青年は目の前で何が起きているのか全くわからなかった。ただ、彼女の鼻からは大量の血が流れ出ているという事象だけは目がとらえていた。
「さちっ!!大丈夫っ!?血が…血がでてるよ!!」
スッ――――――。
彼女の体が、力なくゆっくりと、それでいて直立した状態で真後ろに傾き始めた。
「あぶないっ!!」
聡はすぐに倒れかけた彼女の体をカバーするよう正面から抱き寄せた。その首は糸の切れた操り人形のように力なく垂れ下がっていた。
――――彼女は意識を失っていた。
◇◆◇◇◆◇
「隊員さん、こっちです!!」担架をもって足早に向かってくる救急隊員へ向かって聡は大きな声で叫んだ。

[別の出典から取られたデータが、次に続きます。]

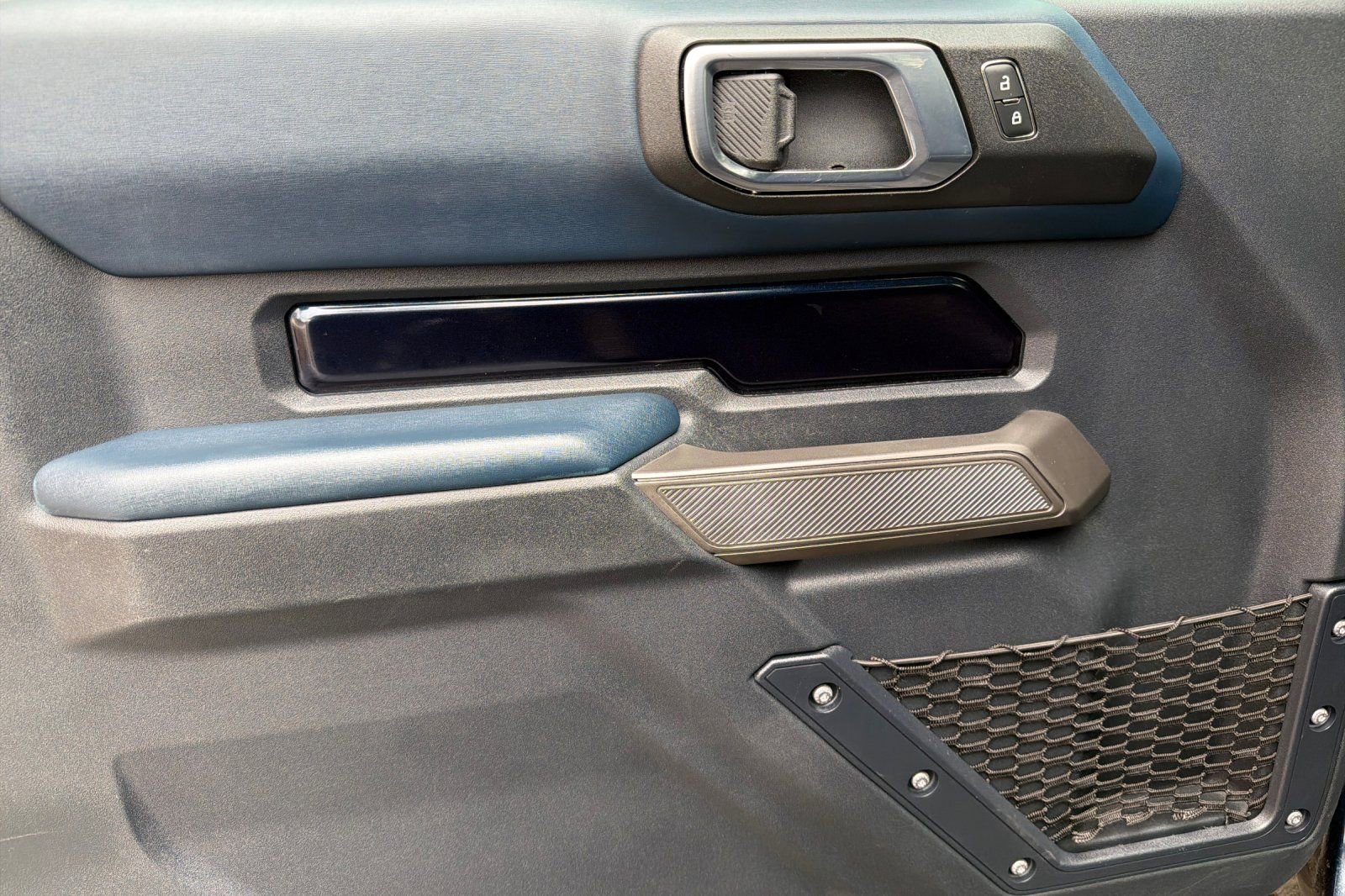 Used 2021 Ford Bronco Outer Banks image 11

彼女は救急車に乗せられた。そうして救急隊員によって非常に手際よく、それでいて機械的に上半身の衣服がまくられ、心電図を取り付けるために下着が取り外された。
「脈は今のところ正常ですね」その言葉に聡は安堵した。そして、彼女の尊厳と自身の矜持のために、今の状態の彼女の体を見ないように心掛けた。
「付添人の方、お兄さんはこの方とどういった関係にあたりますか?」
「交際相手です」
「彼女さんはどのような感じで倒れられましたか?」
「大事な話をしていて……。その時急に彼女の鼻から大量の血が流れ出て、それから意識を失ったように倒れました」
「わかりました」救急隊員は無線でその状況を病院へ伝えているかのようだった。
「お兄さん、この方のご家族の連絡先は知っていますか?」
「いえ……。ご家族の方とはお会いしたことがないので知り…」その時、聡の頭には1年前に目にした赤色で白い十字のマークがついたカードケースのようなものが脳裏に過った。

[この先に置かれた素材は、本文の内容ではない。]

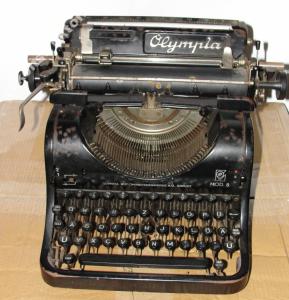 Maszyna do pisania OLYMPIA  duża 4062
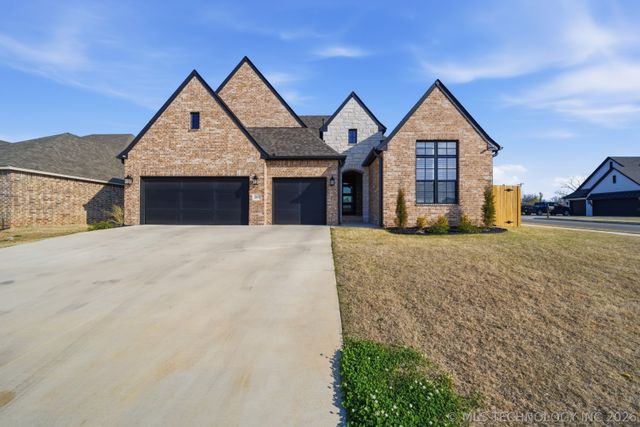 2847 E 141st Court, Bixby, OK 74008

「あ、あの、緊急連絡先が書かれたカードケースなら、彼女のカバンに入っているかもしれません」
「君の方でそのカードケースを探してもらえるかな」
聡はカバンの中を漁った。すると見覚えのある赤いカードケースがすぐに見つかった。
「あ、ありました!」そう言うとカードケースをすぐに救急隊員に手渡した。
「これは……ヘルプマークカード……。裏面にご家族のお名前と連絡先が書かれているようですので、搬送先の病院から連絡してもらうよう依頼します」
救急車のサイレンは夜道を赤く照らした。その音はまるで青年の心と共鳴するかのように夜の街に鳴り響いた――。